A number of personalities and behavioral characteristics have been linked, in many studies, to child abuse and neglect. Parents more likely to abuse their children physically tend to have low self-esteem, poor control of their impulses, mental health problems, and to display antisocial behavior. Neglectful parents have many of these same problems and may also have difficulty planning important life events such as marriage, having children, or seeking employment. Many of these characteristics compromise parenting and are associated with disrupted social relationships, an inability to cope with stress, and difficulty in reaching social support systems. Abusive parents may also be uninformed and have unrealistic expectations about child development.
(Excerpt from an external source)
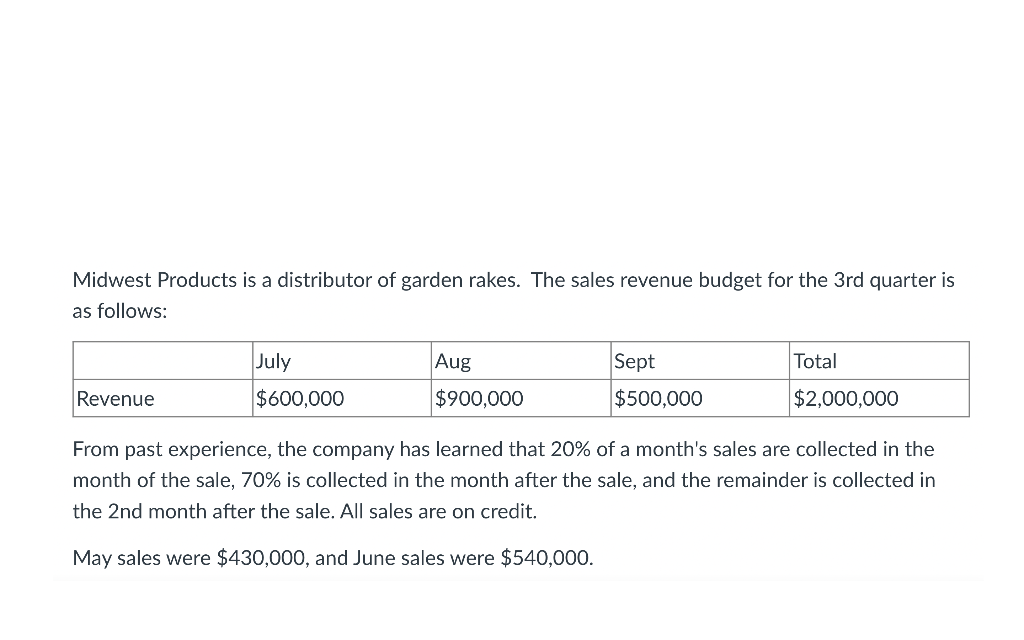 1a. 1b. Using the Midwest Products data in the question above, What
Research has found that abusive parents show greater irritation and annoyance in response to their children’s moods and behavior, that they are less supportive, affectionate, playful, and responsive to their children, and that they are more controlling and hostile.

Prior history of abuse

Studies have shown that parents maltreated as children are at higher risk of abusing their own children. The relationship here is complex, though and some investigations have suggested that the majority of abusing parents were not, in fact, themselves abused. While empirical data suggest that there is indeed a relationship, the importance of this risk factor may have been overstated. Other factors that have been linked to child abuse – such as young parental age, stress, isolation, overcrowding in the home, substance abuse, and poverty – may be more predictive.

Violence in the home

Increasing attention is being given to intimate partner violence and its relationship to child abuse. Data from studies in countries as geographically and culturally distinct as China, Colombia, Egypt, India, Mexico, the Philippines, South Africa, and the United States have all found a strong relationship between these two forms of violence. In a recent study in India, the occurrence of domestic violence in the home doubled the risk of child abuse. Among known victims of child abuse, 40% or more have also reported domestic violence in the home. In fact, the relationship maybe even stronger, since many agencies charged with protecting children do not routinely collect data on other forms of violence in families.

Other characteristics

Stress and social isolation of the parent have also been linked to child abuse and neglect. It is believed that stress resulting from job changes, loss of income, health problems or other aspects of the family environment can heighten the level of conflict in the home and the ability of members to cope or find support. Those better able to find social support may be less likely to abuse children, even when other known risk factors are present. In a case-control study in Buenos Aires, Argentina, for instance, children living in single-parent families were at significantly greater risk for abuse than those in two-parent families. The risk for abuse was lower, though, among those who were better able to gain access to social support.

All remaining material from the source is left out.